UFC-BERT: Unifying Multi-Modal Controls for Conditional Image Synthesis

Authors: Zhu Zhang, Jianxin Ma, Chang Zhou, Rui Men, Zhikang Li, Ming Ding, Jie Tang, Jingren Zhou, Hongxia Yang

NeurIPS 2021 | Conference PDF | Archive PDF | Plain Text | LLM Run Details

Reproducibility Variable Result LLM Response
Research Type Experimental Extensive experiments on a newly collected large-scale clothing dataset M2C-Fashion and a facial dataset Multi Modal Celeb A-HQ verify that UFC-BERT can synthesize high-fidelity images that comply with flexible multi-modal controls.
Researcher Affiliation Collaboration Zhu Zhang , Jianxin Ma , Chang Zhou , Rui Men , Zhikang Li , Ming Ding , Jie Tang , Jingren Zhou , and Hongxia Yang DAMO Academy, Alibaba Group, Tsinghua University {zhangzhu950310}@gmail.com {jason.mjx, ericzhou.zc, yang.yhx}@alibaba-inc.com
Pseudocode No The paper describes the algorithms like Mask-Predict and Progressive Non-Autoregressive Generation (PNAG) in detail but does not provide them in structured pseudocode or algorithm blocks.
Open Source Code No The paper does not provide any statement or link indicating that the source code for the described methodology is publicly available.
Open Datasets Yes We additionally use another high-resolution facial dataset Multi-Modal Celeb A-HQ [28, 61].
Dataset Splits No The paper mentions using two datasets (M2C-Fashion and Multi-Modal Celeb A-HQ) but does not provide specific details on how these datasets were split into training, validation, and test sets for reproducibility.
Hardware Specification Yes We evaluate speed on the same V100 GPU.
Software Dependencies No The paper does not provide specific software dependencies or version numbers (e.g., Python, PyTorch, TensorFlow versions) used for its implementation or experiments.
Experiment Setup Yes For the BERT model, we set the number of layers, hidden size, and the number of attention heads to 24, 1024, and 16, respectively.
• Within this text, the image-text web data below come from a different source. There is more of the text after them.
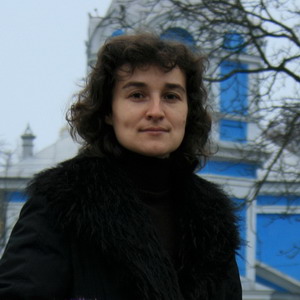 ����� ����� ������������ 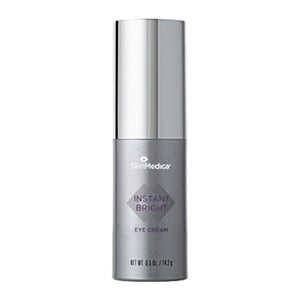 SkinMedica® Instant Bright Eye Cream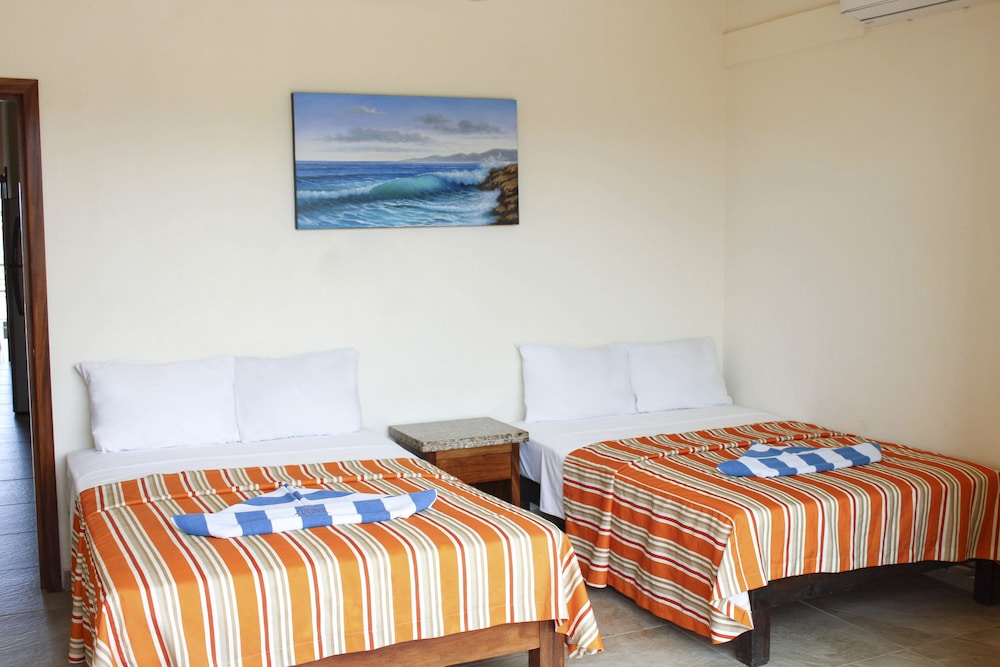 AUROZA RESORT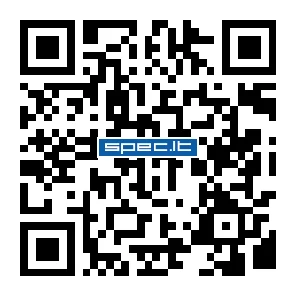 QR kodas | Strateginė Verslo Vystymo Grupė, UAB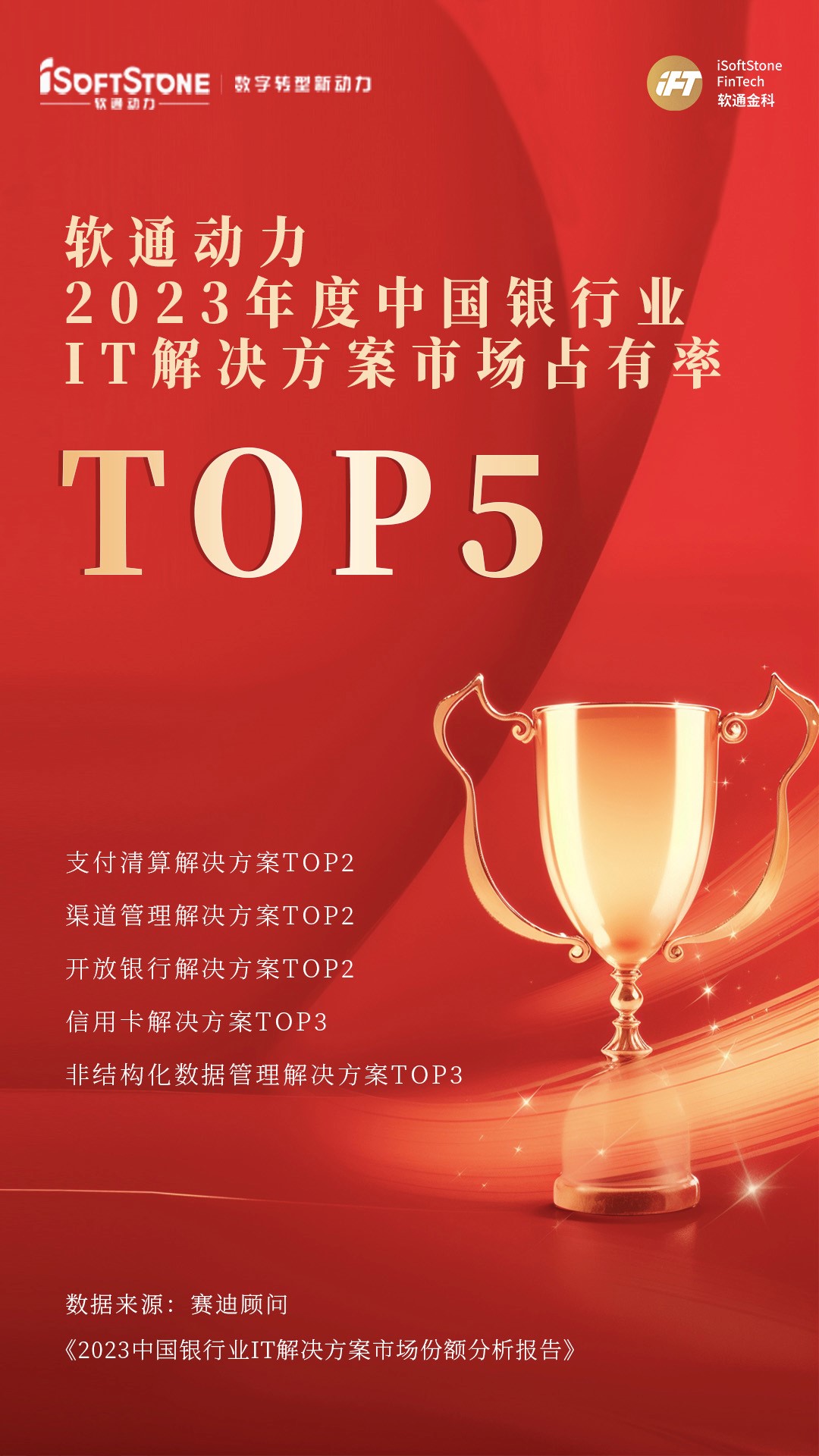 GA黄金甲(中国游)最新官方网站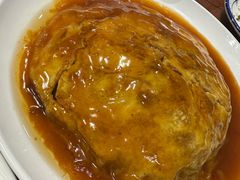 -恩宏德餐馆(平山道店)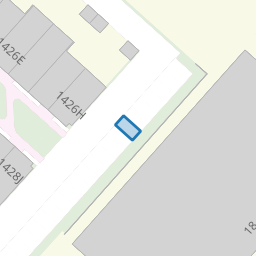 Perceel HLM03-AN-1536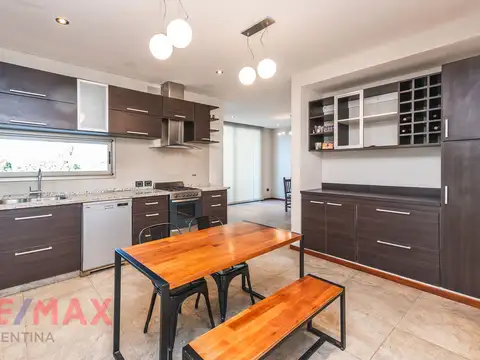 Casa en Venta 11 años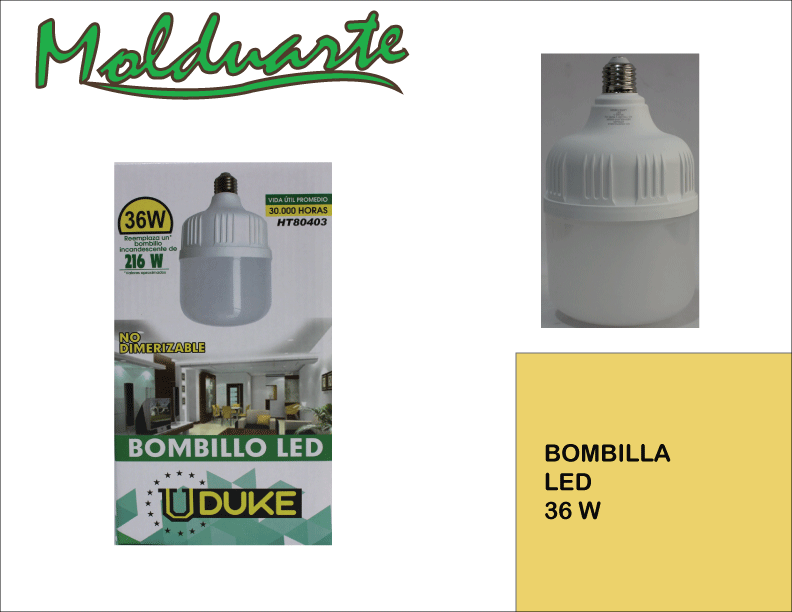 BOMBILLA-LED-36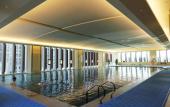 Туры в отель Shangri-La Tangshan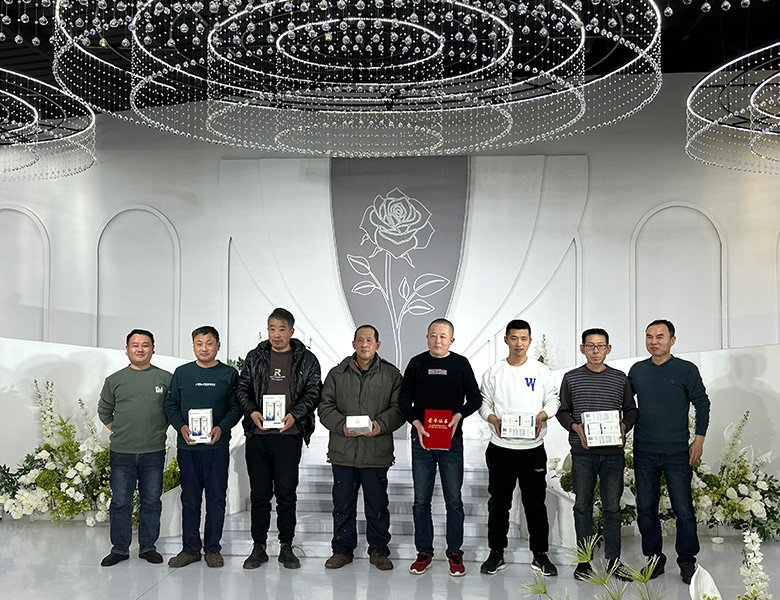 未标题-2_0001_微信图片_20250326131038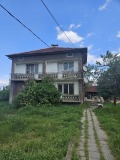 Продава КЪЩА, с. Бусманци, област София област, снимка 1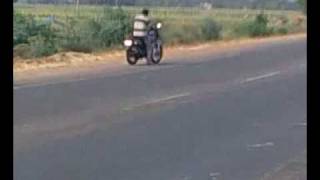 niru stunts.3gp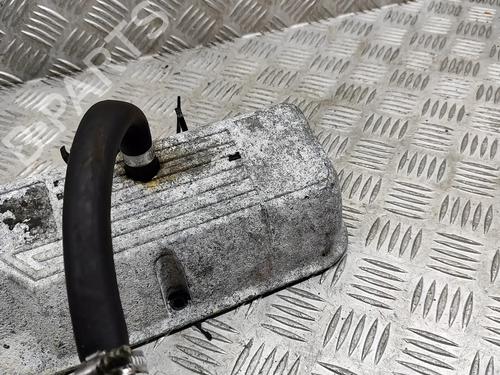  - Image 5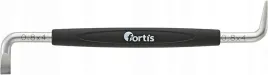fortis-wkretak-dwustronny-katowy-plaski-4mm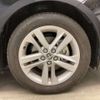 toyota corolla-sport 2022 -TOYOTA 【多摩 346ﾁ 626】--Corolla Sport 6AA-ZWE213H--ZWE213-0017074---TOYOTA 【多摩 346ﾁ 626】--Corolla Sport 6AA-ZWE213H--ZWE213-0017074- image 7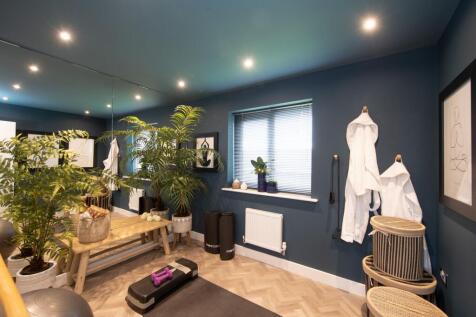 Showhome Photography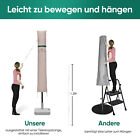 Bild 20 von 45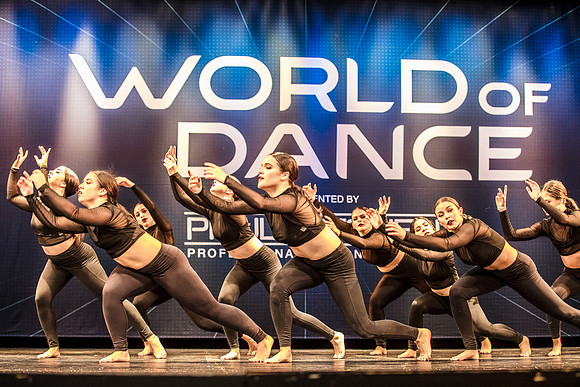 World-Dance-Championship-Orlando-2019-3339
Our UFC-BERT has 307M parameters, same as the Transformer used by VQGAN. As for hyper-parameters of PNAG, we set the parallel decoding number B to 5 and the balance coefficient σ to 0.5. We set the initial mask ratio α, the minimum mask ratio β, and the maximum iteration number T to 0.8, 0.2, and 10, respectively.